Ndayizeye succeeded Buyoya as transitional president in Apr., 2003, also for an 18-month term. Alphonse Kadege, a Tutsi, became vice president. At the same time, African Union observers began arriving in Burundi to monitor the peace. A peace accord with the Forces for the Defense of Democracy (FDD), the main rebel group, was finalized in Nov., 2003, and FDD representatives joined the government the next month. The smaller Forces for National Liberation (FNL) meanwhile continued attacks on the army. In Jan., 2004, the FNL participated in talks with the government for the first time, but no progress was made. In May, 2004, there were tensions between the FDD and the main Tutsi and Hutu parties in the government, and the FDD withdrew from the government for several months. The United Nations took over peacekeeping duties from the African Union the following month.
A constitution proposed in July was not signed by Tutsi parties, who wanted a guarantee that the presidency would alternate between Hutus and Tutsis and objected to the way seats were assigned in the legislature. Although a disproportionately large number of seats and government posts were guaranteed to Tutsi candidates, none of those seats were guaranteed to the candidates of Tutsi parties. The disagreement led to a cabinet boycott by the parties and stalled movement toward national elections, which were postponed until 2005. In Feb., 2005, however, the proposed constitution was overwhelmingly approved by Burundi's voters.

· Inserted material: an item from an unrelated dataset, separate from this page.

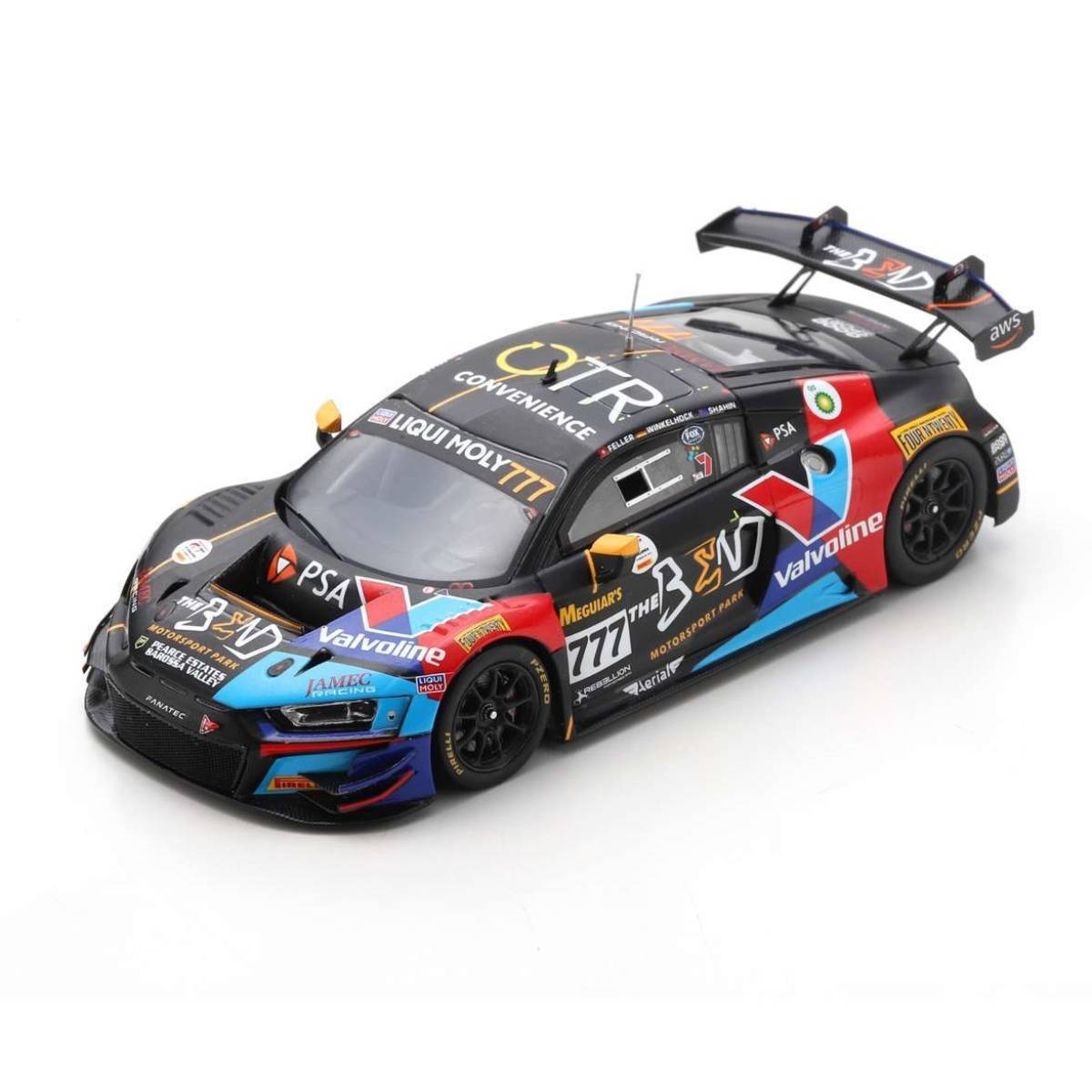 Audi R8 LMS GT3 No.777 Audi Sport Team Valvoline - 7th Bathurst 12H 2022 - M. Winkelhock - R. Feller - Y. Shahin.  Limited 300 - 1:43 Scale Resin Model Car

In Apr., 2005, the transitional period for the government was extended into Aug., 2005. The FNL agreed to a truce with government forces in May, but clashes continued to occur, and both sides were accused of violating the cease-fire. The FDD won a majority of the seats in May's local council elections, a victory that prefigured its win in the June national assembly elections. Pierre Nkurunziza, leader of the FDD, was elected president of Burundi in August.
The following month the FNL rejected holding peace talks with the new government. UN peacekeepers began withdrawing in Dec., 2005, and completed their withdrawal a year later. In May, 2006, the FNL and the government began talks, agreeing in principle in June to a cease-fire. A cease-fire was signed in September, and by June, 2007, some progess had been made in the negotiations. In July, however, the FNL broke off the talks; FNL dissidents split from the group, leading to FNL attacks on the dissidents in subsequent months. Clashes between the FNL and the government resumed as well.
Meanwhile, former president Ndayizeye and several others were arrested in Aug., 2006, on charges of plotting to assassinate Nkurunziza and overthrow the government (Ndayizeye and most of those arrested were acquitted in Jan., 2007), and in early September the vice president resigned, accusing the FDD of corruption. The main opposition parties boycotted the parliament beginning in July, 2007, objecting to the composition of the cabinet; a new, more inclusive cabinet was formed in November. In May, 2008, the FNL and the government again signed a cease-fire agreement, and in June the FNL leader announced an end to the Hutu rebel group's war against the government. In Dec., 2008, under pressure from foreign mediators, both sides committed to beginning the delayed implementation of their peace agreement, but the FNL did not disarm until Mar.-Apr., 2009. Despite the progress toward peace, political repression and politically motivated violence by both sides against individuals has continued. The last of Burundi refugee camps in Uganda and Tanzania closed in 2009, and most refugees returned to Burundi, ending a process that had begun in 2002. However, many Burundian refugees who had fled to Tanzania in 1972 accepted an offer of Tanzanian citizenship.
See G. C. McDonald et al., Area Handbook for Burundi (1969); R. Lemarchand, Rwanda and Burundi (1970); W. Weinstein, Historical Dictionary of Burundi (1976); M. T. Wolbers, Burundi (1989).